WF and its predecessors had served as the corporate trustee of one trust, and the custodian of the other. This firm previously prosecuted an arbitration against a WF predecessor on behalf of a trustee. The client prevailed, but not for $77 million! (Her damages were much lower!)
A review of the case facts set forth in Missouri Lawyer's Weekly's May 18th publication suggests that the case was anything but a slam dunk for the plaintiff. So—kudos to Jim, Megan, and Paul!
My law partner, Dan Conlisk, has over 25 years of fiduciary litigation experience to compliment my financial services industry practice. He too was amazed at the result.

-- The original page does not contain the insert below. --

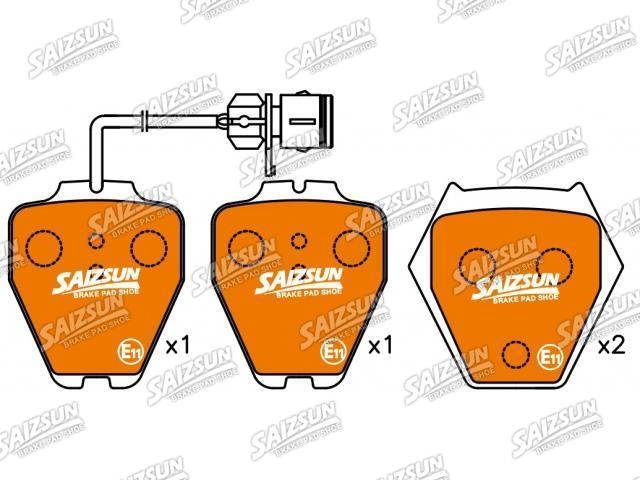 Pastillas de freno Brake Pad Set:3D0 698 151 B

The primary protagonist in the underlying drama was the plaintiff's own son, Doug Morris. WF's defense, in part, was that Mr. Morris, rather than WF ran the trusts. Further, WF argued that the elderly woman at plaintiff's table “said yes to everything her attorneys now complain about.” Notably, Mr. Morris wasn't suppose to be running the two trusts and there were 11 women on the jury.
At the end of the trial, the plaintiff prevailed almost entirely on her breach of fiduciary duty and Uniform Fiduciaries Law claims. The jury assessed 98% of the blame to WF. Food for thought if you are a trust beneficiary or “mere custodian.”